The following is a submission from an educator as part of the Your Soapbox feature, which explores the experiences of educators in North Carolina through their own words. Check out more first person stories here, or if you are an educator, submit your own.
Many great teachers feel a calling to the profession, but that is not necessarily enough to make it a wise career path.
Our state legislators are currently causing serious harm to our state’s education system. The key to getting (and keeping) good teachers in the classroom is giving them incentives to seek and keep jobs as educators.
Teaching was never a high-paying job in NC, but it did offer something else, job security. No one (that I know of) expects to get rich teaching in NC, but they were willing to sacrifice higher pay because they care about the students and the job, and used to feel their jobs were secure and that they could not be fired without due cause.
With low pay and no job security, how can the state expect to encourage highly qualified people to seek jobs in education?
Even those desiring to be educators might be inclined to move to a state with better incentives, instead of taking their chances in NC, while wondering if their job will exist next year.
I was a Teaching Fellow; it was a great program for getting qualified teachers in the classroom, but now the program has gone the way of the Dodo (or should I say Carolina Parakeet?). This is really a sad state of affairs; more is being expected of teachers for lower pay, without raises. Workdays have been reduced, further limiting time to research and understand common core or to develop activities and implement these new ideas.
Pay may end up being dictated by test results that are largely a product of the regional culture and the prior education of students, rather than the result of a single teacher’s performance.
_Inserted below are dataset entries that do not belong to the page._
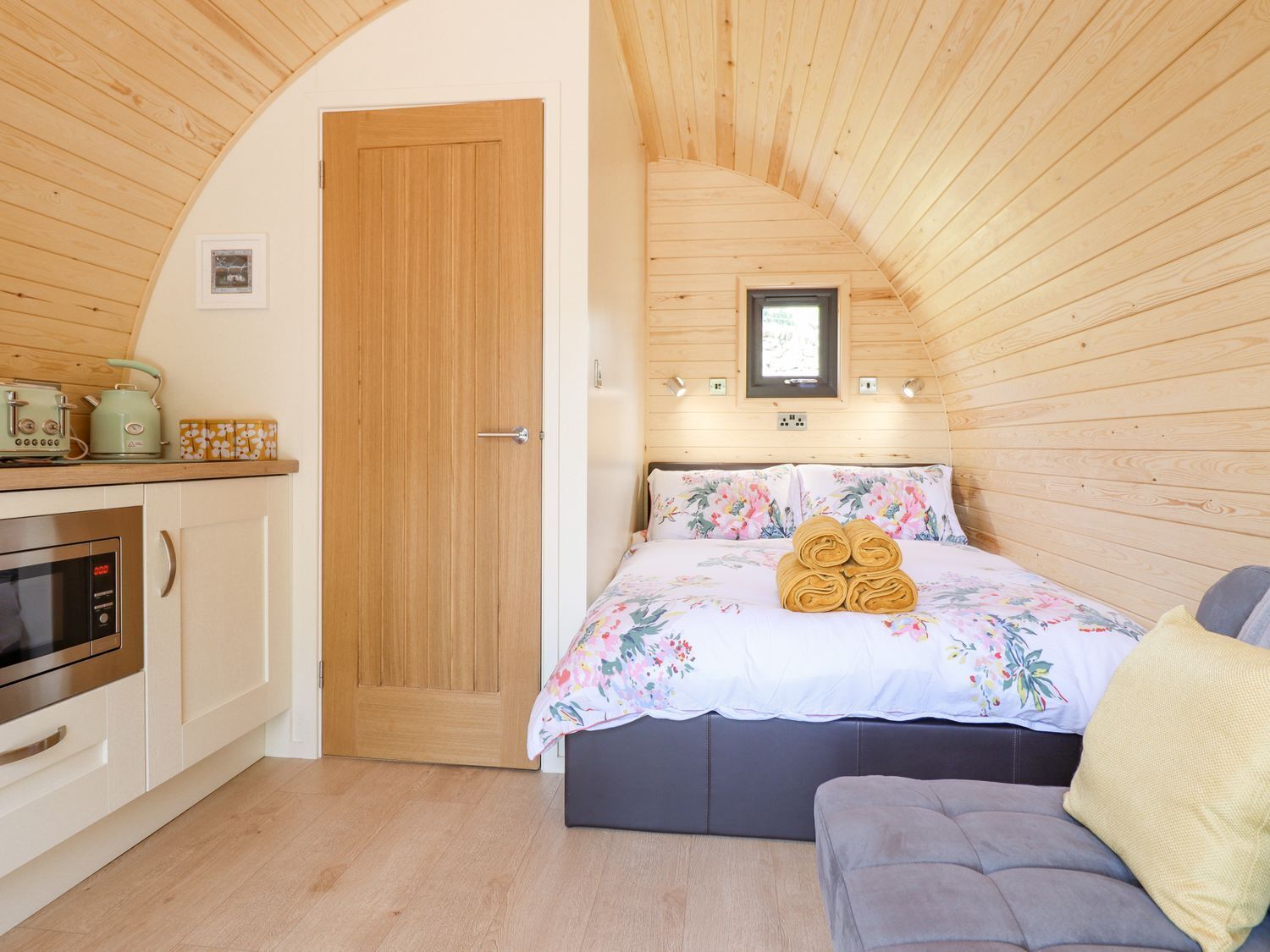 A cozy bedroom with a wooden ceiling, a bed with floral bedding, a bedside table, and a small window.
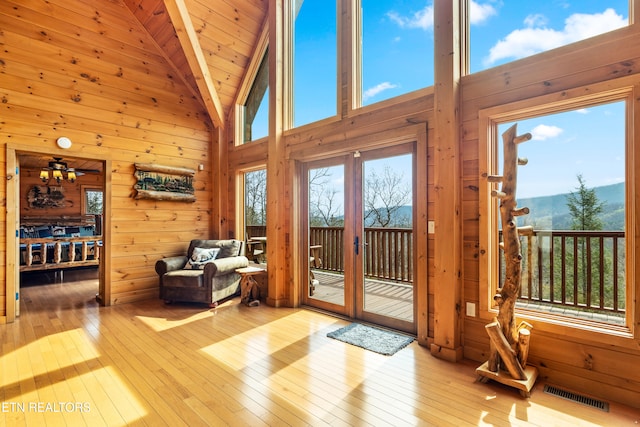 interior space featuring french doors, wooden walls, high vaulted ceiling, beamed ceiling, and light hardwood / wood-style floors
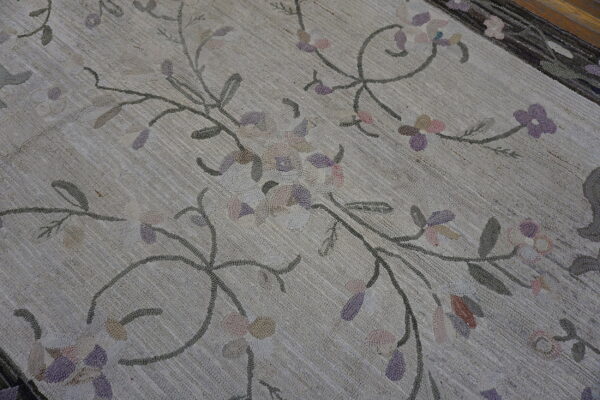 Textured beige rug with scrolling floral pattern in pastel pink, purple, and gray colors.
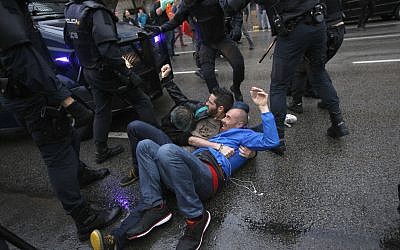 Three man hold to each other as they try to block a Spanish police van from approaching a voting site to prevent would-be voters from voting at a school assigned to be a polling station by the Catalan government in Barcelona, Spain, 1 October 2017. (AP Photo/Emilio Morenatti)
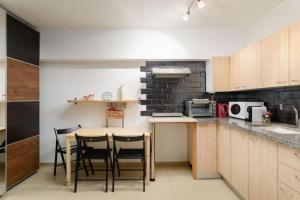 Una cocina con una mesa y algunas sillas. en Netanyas One Bedroom Beachside Escape, en Netanya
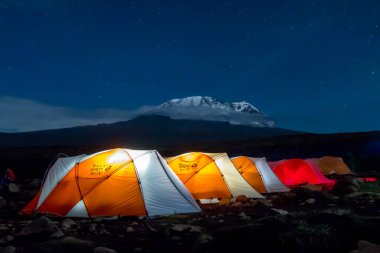 Kilimanjaro Dağı 'ndan önce gece boyunca turuncu çadırlar içeriden aydınlatıldı. Yıldızlar ve Samanyolu görünür. Yüksek kalite fotoğraf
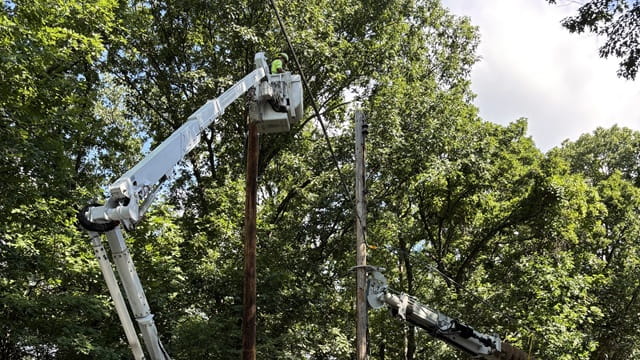 A utility worker in a bucket truck makes power pole repairs.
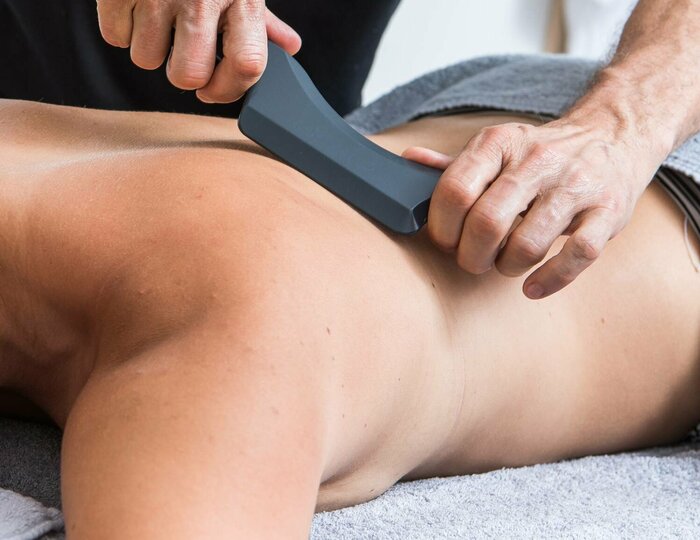 A woman receives a sport special massage at Kristall Spa while her back is treated with a massage device.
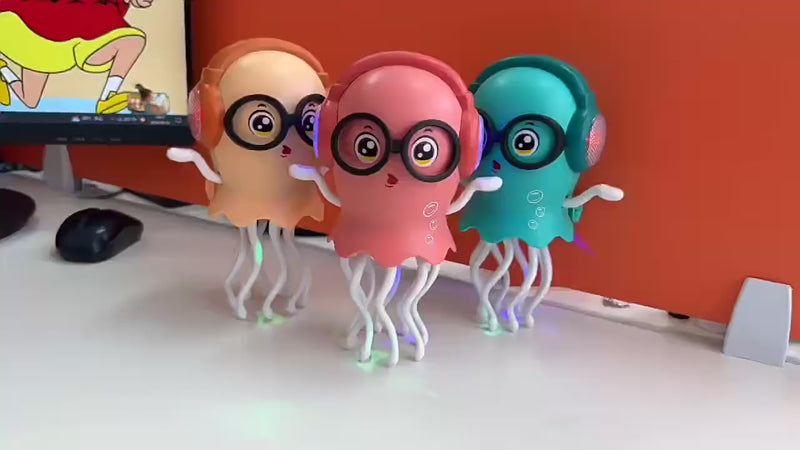 Load and play video in Gallery viewer, Electric Dancing Jellyfish Toy with Music &amp; Lights – Smart Obstacle Avoidance Crawling Toy for Toddlers &amp; Stress Relief Fun
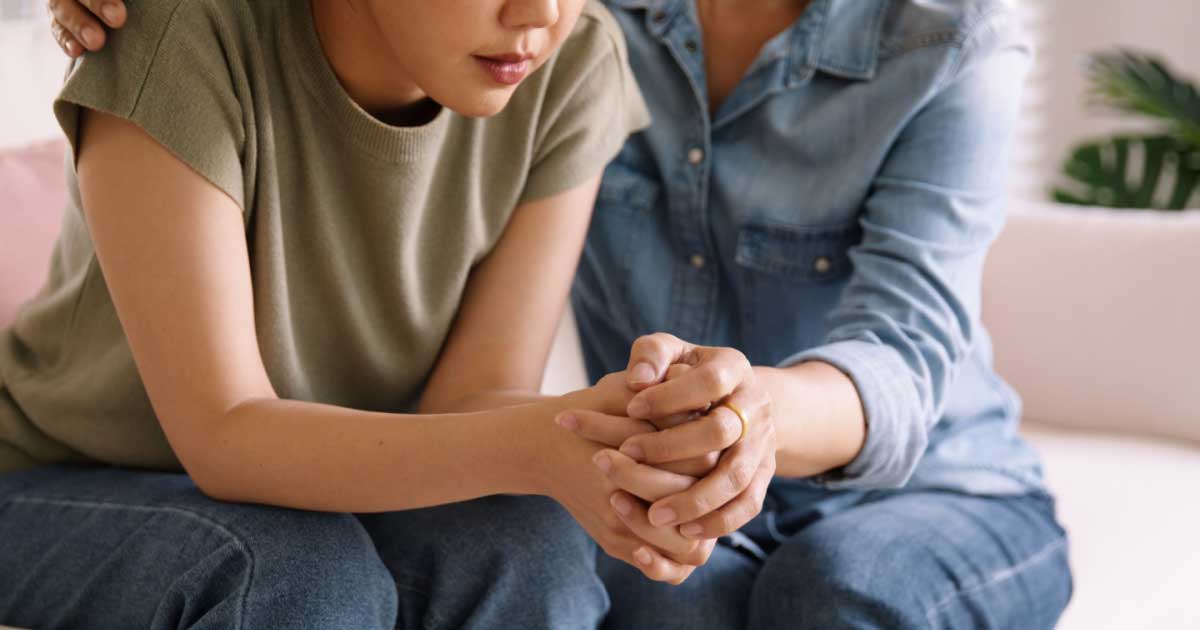 woman consoling another woman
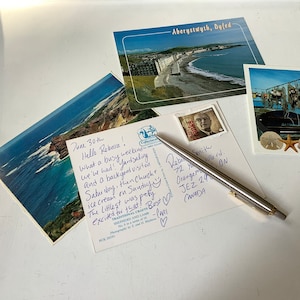 Je t'écris une carte postale ! Vous recevrez une note manuscrite sur une carte postale vintage intéressante et aux couleurs vives, avec votre nom et votre date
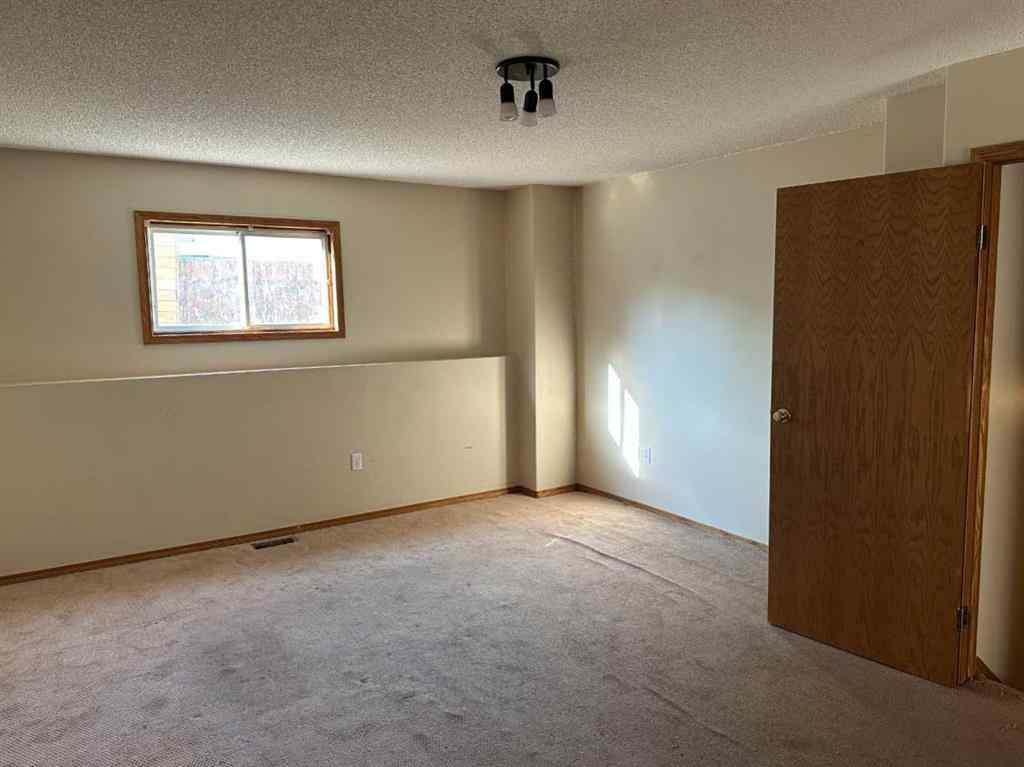 MLS® A2239988 - 9412 82 Avenue  in Patterson Place Grande Prairie, Residential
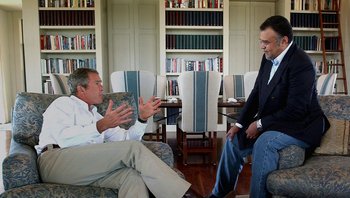 Movie still from “Fahrenheit 9/11” (2004), directed by Michael Moore – Two men are sitting in a room talking to each other; Medium shot, Over the shoulder angle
Performance-based pay will likely take more of the focus away from the true exploration of ideas (which seems to be encouraged by common core) and redirect the focus onto achieving higher test scores, which don’t necessarily reflect “better” educational techniques or outcomes.
Accountability is important, but not to the extent that it threatens to diminish valuable, and often intangible and unquantifiable, experiences students have in dynamic, flourishing classrooms.
We have a responsibility to prepare our students to compete in a global job market, but we are jeopardizing our ability to do so; I hesitate to accuse the legislature of intentionally sabotaging the public education system, but if their intentions are genuine, they are certainly inadvertently leading us in a direction that ensures education will suffer, and as a result the students of our state will suffer… A fate no teacher I know of desires.